TASK TO CARRY OUT: Only the lines from the one bearing "As a closing" through the end of the entries should be output, exactly as they stand, and pictures should be skipped.

---

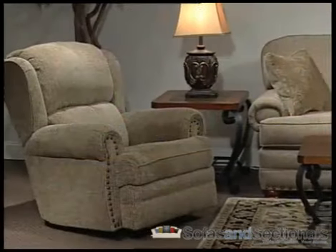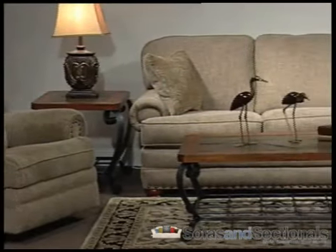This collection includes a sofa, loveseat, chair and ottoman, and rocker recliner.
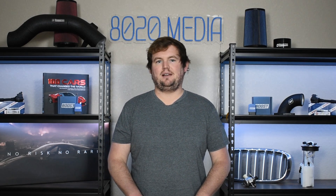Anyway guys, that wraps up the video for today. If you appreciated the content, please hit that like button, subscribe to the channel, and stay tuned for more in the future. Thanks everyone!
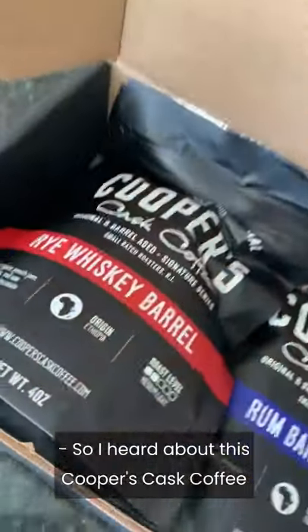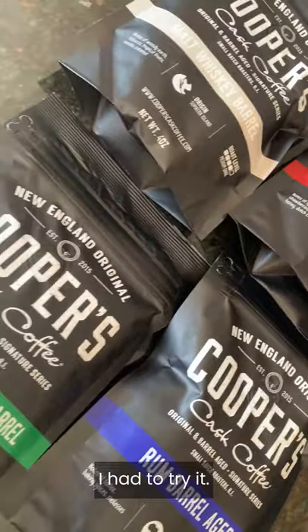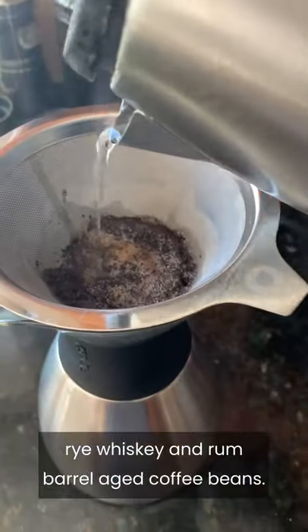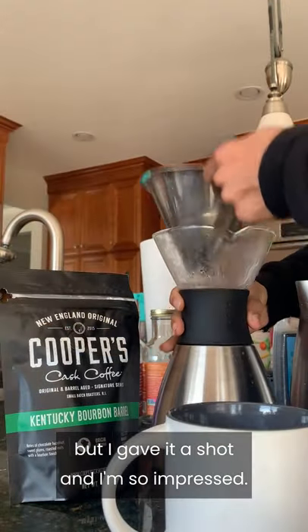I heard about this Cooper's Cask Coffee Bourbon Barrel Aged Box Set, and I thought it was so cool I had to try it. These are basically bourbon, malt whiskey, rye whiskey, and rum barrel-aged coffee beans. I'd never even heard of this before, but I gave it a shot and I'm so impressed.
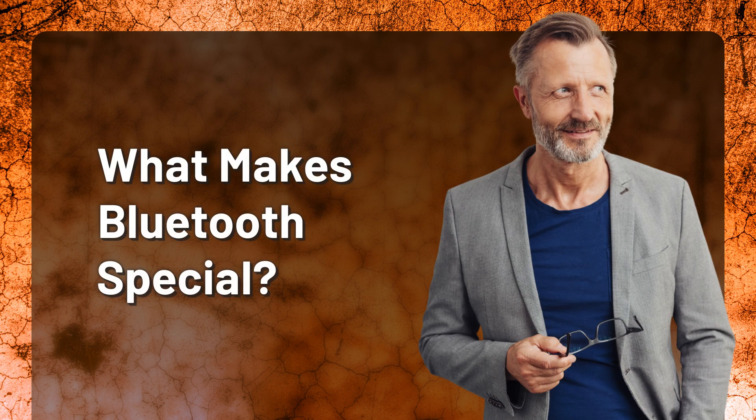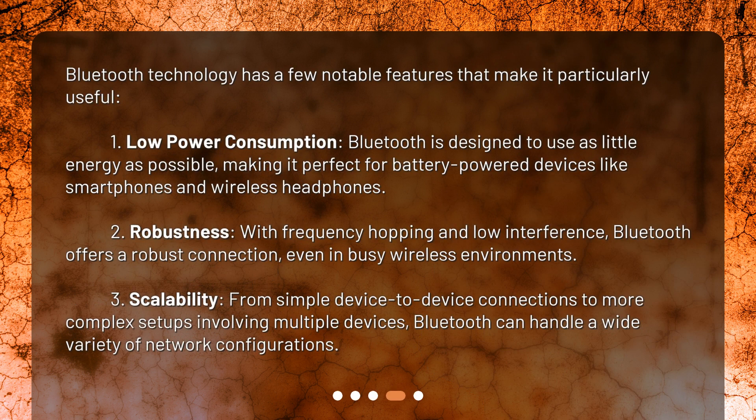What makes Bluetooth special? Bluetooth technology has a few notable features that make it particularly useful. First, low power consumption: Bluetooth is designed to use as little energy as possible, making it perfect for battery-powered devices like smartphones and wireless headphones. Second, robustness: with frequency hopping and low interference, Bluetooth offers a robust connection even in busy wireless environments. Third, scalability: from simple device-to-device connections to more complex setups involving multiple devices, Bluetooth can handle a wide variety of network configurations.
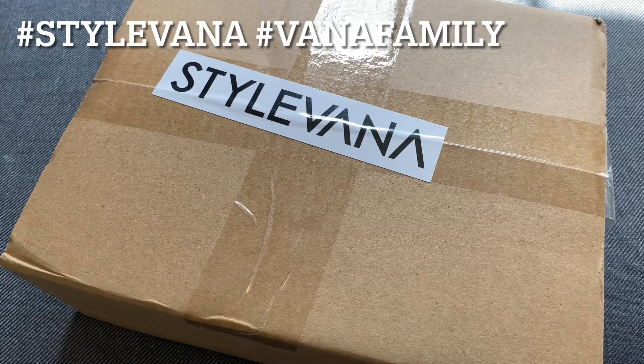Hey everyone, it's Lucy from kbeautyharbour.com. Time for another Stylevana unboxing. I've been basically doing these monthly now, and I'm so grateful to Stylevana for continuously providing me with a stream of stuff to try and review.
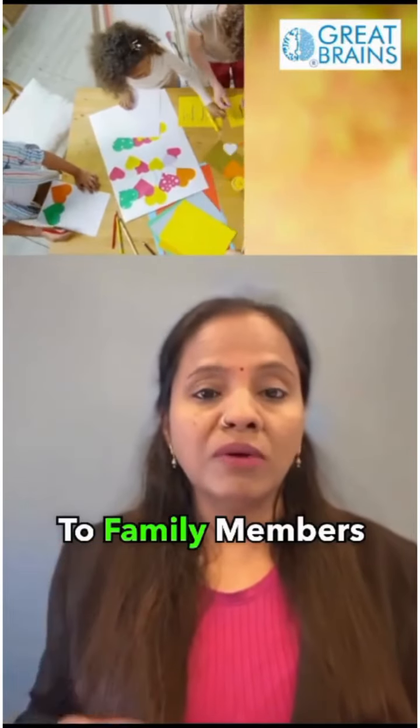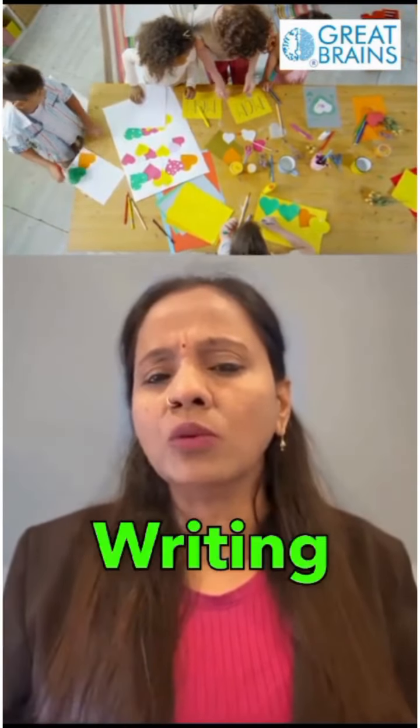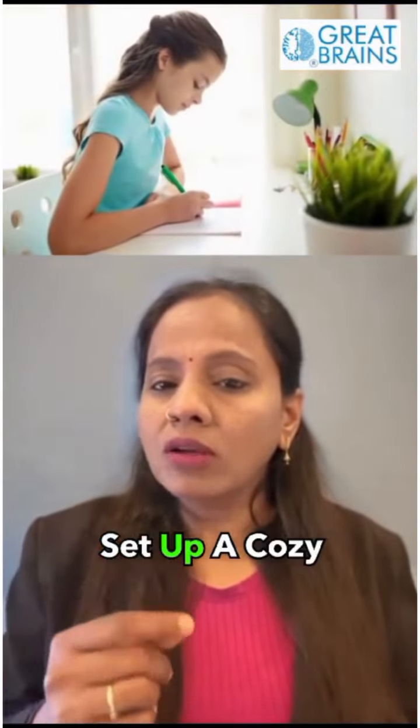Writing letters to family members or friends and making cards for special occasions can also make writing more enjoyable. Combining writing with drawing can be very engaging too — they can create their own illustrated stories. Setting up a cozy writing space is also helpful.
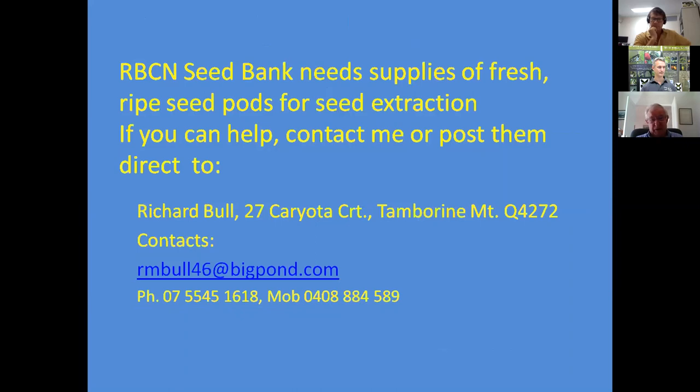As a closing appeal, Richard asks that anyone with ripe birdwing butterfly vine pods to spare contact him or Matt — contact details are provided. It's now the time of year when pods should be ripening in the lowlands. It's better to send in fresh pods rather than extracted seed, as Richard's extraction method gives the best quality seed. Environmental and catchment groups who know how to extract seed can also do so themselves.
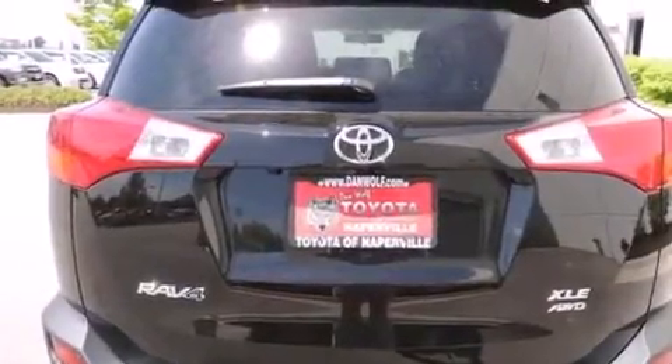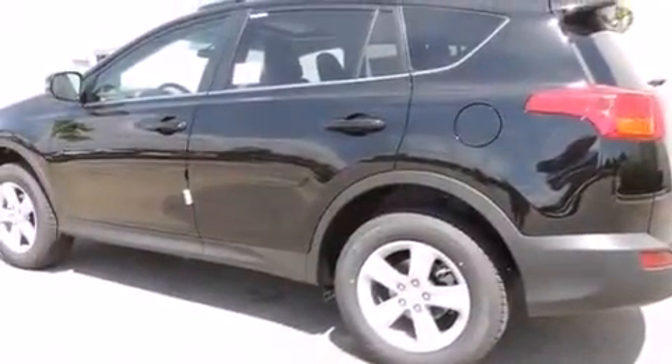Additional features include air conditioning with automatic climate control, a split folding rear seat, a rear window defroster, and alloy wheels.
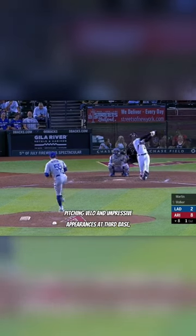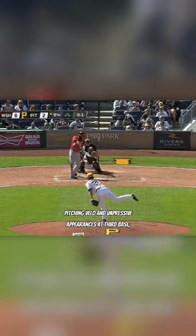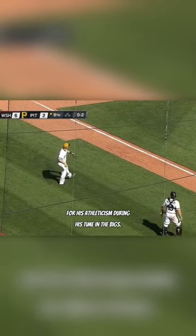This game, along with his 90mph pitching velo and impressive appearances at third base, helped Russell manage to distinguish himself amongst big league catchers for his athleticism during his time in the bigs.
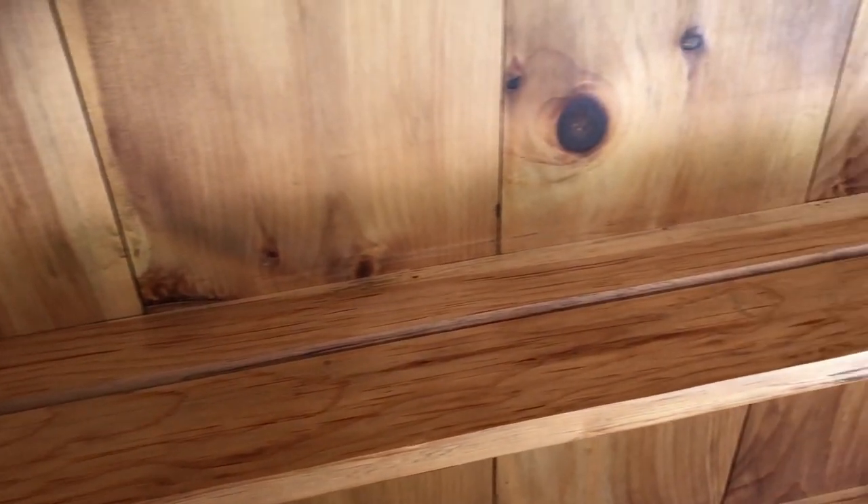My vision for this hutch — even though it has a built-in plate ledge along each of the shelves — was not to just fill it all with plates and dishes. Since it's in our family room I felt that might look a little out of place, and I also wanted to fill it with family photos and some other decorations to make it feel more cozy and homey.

---

ANSWER TO THIS TASK:
As a closing appeal, Richard asks that anyone with ripe birdwing butterfly vine pods to spare contact him or Matt — contact details are provided. It's now the time of year when pods should be ripening in the lowlands. It's better to send in fresh pods rather than extracted seed, as Richard's extraction method gives the best quality seed. Environmental and catchment groups who know how to extract seed can also do so themselves.
Additional features include air conditioning with automatic climate control, a split folding rear seat, a rear window defroster, and alloy wheels.
This game, along with his 90mph pitching velo and impressive appearances at third base, helped Russell manage to distinguish himself amongst big league catchers for his athleticism during his time in the bigs.
My vision for this hutch — even though it has a built-in plate ledge along each of the shelves — was not to just fill it all with plates and dishes. Since it's in our family room I felt that might look a little out of place, and I also wanted to fill it with family photos and some other decorations to make it feel more cozy and homey.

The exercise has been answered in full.